The issue compounds the more containers you run and the busier the system gets. The stats gathering and forwarding to the client seems to be a relatively heavyweight process, just docker stats
with a large number of containers is enough to cause more inaccuracy. My best guess is contention in the goroutines that are all trying to read the stats. I'm not sure that would account for quite the level of inaccuracy the Docker shows. I'm either completely wrong or there's something else adding to the problem.
Each Docker containers usage is tracked in a cgroup.

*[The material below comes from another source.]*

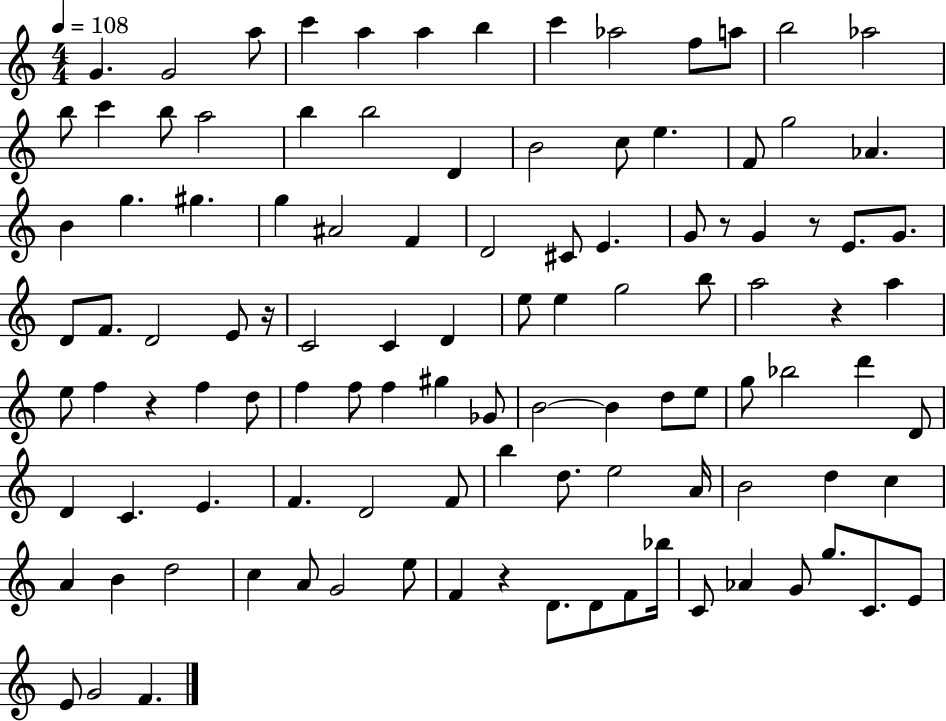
G4/q. G4/h A5/e C6/q A5/q A5/q B5/q C6/q Ab5/h F5/e A5/e B5/h Ab5/h B5/e C6/q B5/e A5/h B5/q B5/h D4/q B4/h C5/e E5/q. F4/e G5/h Ab4/q. B4/q G5/q. G#5/q. G5/q A#4/h F4/q D4/h C#4/e E4/q. G4/e R/e G4/q R/e E4/e. G4/e. D4/e F4/e. D4/h E4/e R/s C4/h C4/q D4/q E5/e E5/q G5/h B5/e A5/h R/q A5/q E5/e F5/q R/q F5/q D5/e F5/q F5/e F5/q G#5/q Gb4/e B4/h B4/q D5/e E5/e G5/e Bb5/h D6/q D4/e D4/q C4/q. E4/q. F4/q. D4/h F4/e B5/q D5/e. E5/h A4/s B4/h D5/q C5/q A4/q B4/q D5/h C5/q A4/e G4/h E5/e F4/q R/q D4/e. D4/e F4/e Bb5/s C4/e Ab4/q G4/e G5/e. C4/e. E4/e E4/e G4/h F4/q.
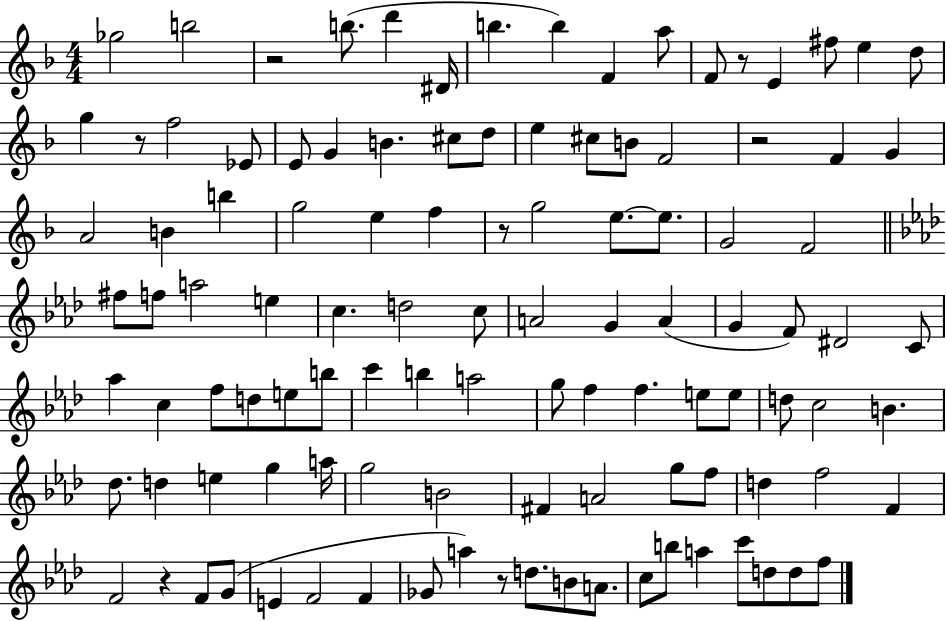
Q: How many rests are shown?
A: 7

The CPU accounting information can be viewed via the cgroup file system:
→ find /sys/fs/cgroup/cpuacct/docker -type d
/sys/fs/cgroup/cpuacct/docker
/sys/fs/cgroup/cpuacct/docker/f0478406663bb57d597d4a63a031fc2e841de279a6f02d206b27eb481913c0ec
/sys/fs/cgroup/cpuacct/docker/5ac4753f955acbdf38beccbcc273f954489b2a00049617fdb0f9da6865707717
/sys/fs/cgroup/cpuacct/docker/a4e00d69819a15602cbfb4f86028a4175e16415ab9e2e9a9989fafa35bdb2edf
/sys/fs/cgroup/cpuacct/docker/af00983b1432d9ffa6de248cf154a1f1b88e6b9bbebb7da2485d94a38f9e7e15
→ cd /sys/fs/cgroup/cpuacct/docker/f0478406663bb57d597d4a63a031fc2e841de279a6f02d206b27eb481913c0ec
→ ls -l
total 0
-rw-r--r-- 1 root root 0 Nov 20 22:31 cgroup.clone_children
-rw-r--r-- 1 root root 0 Nov 20 04:35 cgroup.procs
-r--r--r-- 1 root root 0 Nov 20 21:51 cpuacct.stat
-rw-r--r-- 1 root root 0 Nov 20 21:51 cpuacct.usage
-r--r--r-- 1 root root 0 Nov 20 22:31 cpuacct.usage_all
-r--r--r-- 1 root root 0 Nov 20 21:51 cpuacct.usage_percpu
-r--r--r-- 1 root root 0 Nov 20 22:31 cpuacct.usage_percpu_sys
-r--r--r-- 1 root root 0 Nov 20 22:31 cpuacct.usage_percpu_user
-r--r--r-- 1 root root 0 Nov 20 22:31 cpuacct.usage_sys
-r--r--r-- 1 root root 0 Nov 20 22:31 cpuacct.usage_user
-rw-r--r-- 1 root root 0 Nov 20 22:31 notify_on_release
-rw-r--r-- 1 root root 0 Nov 20 22:31 tasks
→ cat cpuacct.usage_percpu
3625488147 6265485043 6504277830
Each value is the cumulative usage in nano seconds on that CPU.
→ grep -w ^cpu /proc/stat
cpu 475761 0 10945 582794 2772 0 159 0 0 0
Values here are USER_HZ
== 1/100 of a second, so get some conversion in Docker.